On the one hand, black holes are at the centre of the recent experiments to probe the strong-gravity frontier. On the other hand, at the centre of black holes, General Relativity develops inconsistencies. This exciting dichotomy points to new physics at some, as of now untested, intermediate curvature scale. Motivated by the principles of effective field theory, I will present three routes to constrain said new physics to recent and future observations.
1) Shadows: The image of a black hole taken by a distant observer directly probes the underlying stationary and axisymmetric background spacetime. Without having to specify any particular dynamics, I will discuss general parameterizations and their connection to fundamental-physics principles like (i) regularity (no remaining curvature singularity), (ii) simplicity (a single new-physics scale), and (iii) locality (a new-physics scale set by local curvature).

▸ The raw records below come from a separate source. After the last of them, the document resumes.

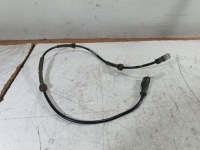 Купить Датчик abs перед renault kangoo 3 8200441401, фото thumb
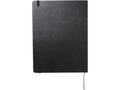 Pro notebook XL hard cover 3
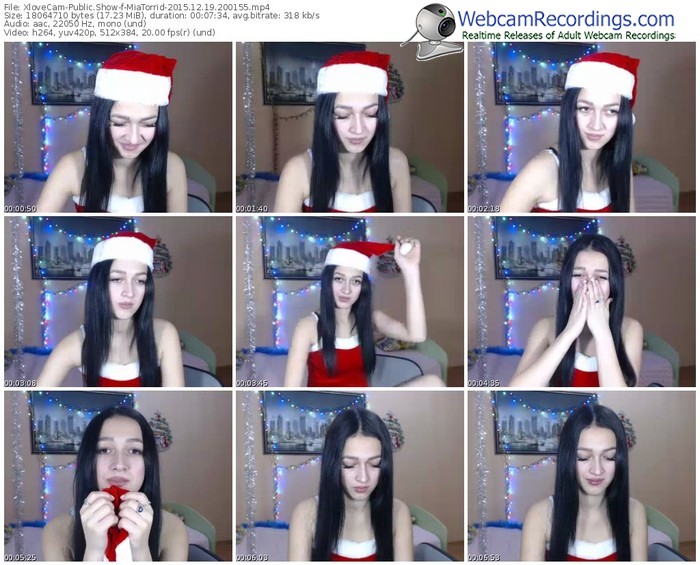 xlovecam-miatorrid-webcam-show-12_19_2015-20_01_55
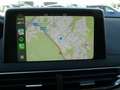 Peugeot 3008 1.6 HYBRID 4 300 GT Aut. Blanco - thumbnail 30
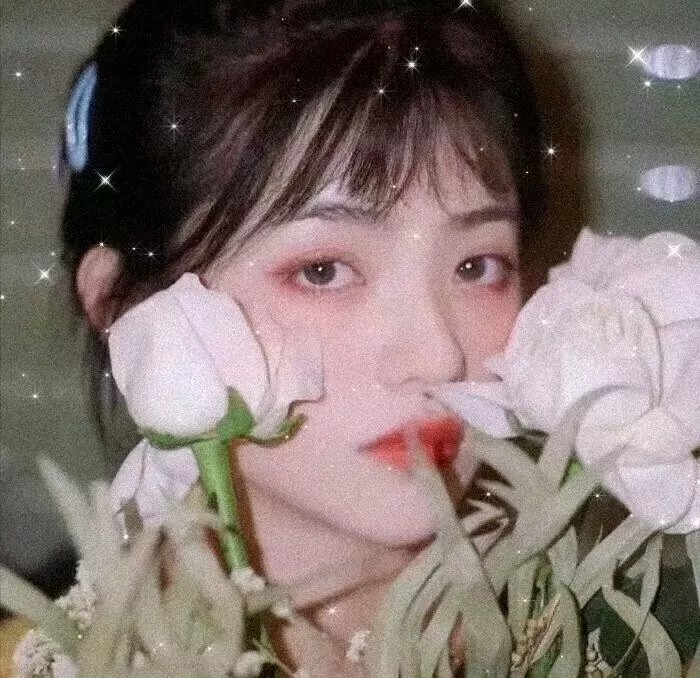 残酷的上班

2) Stability: Specifying the linearized dynamics around black-hole spacetimes determines the onset of potential instabilities and connects to the ringdown phase of gravitational waves. I will discuss how the resulting instability constrains new physics in regimes of relevance for low-scale theories of dark energy and ultralight dark-matter scenarios.

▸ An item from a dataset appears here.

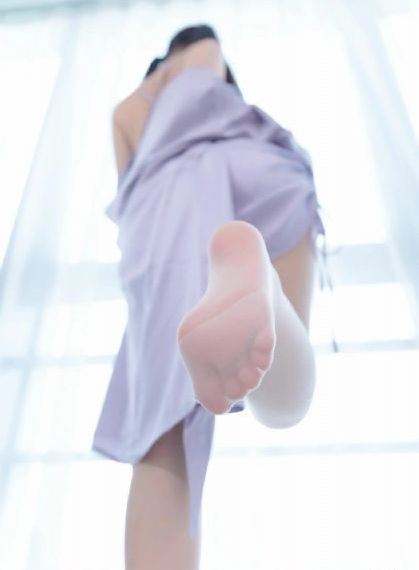 国产动画片回忆_BD英语电影完整版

3) Non-linear evolution: The stronger the probed curvature scale, the stronger the constraints on new physics. Hence, the non-linear regime of binary mergers is a particularly precious target. This requires the full numerical evolution of specific well-motivated and well-posed non-linear dynamics beyond General Relativity. I will present recent progress towards achieving such evolution for the effective field theory of gravity up to quadratic order in curvature.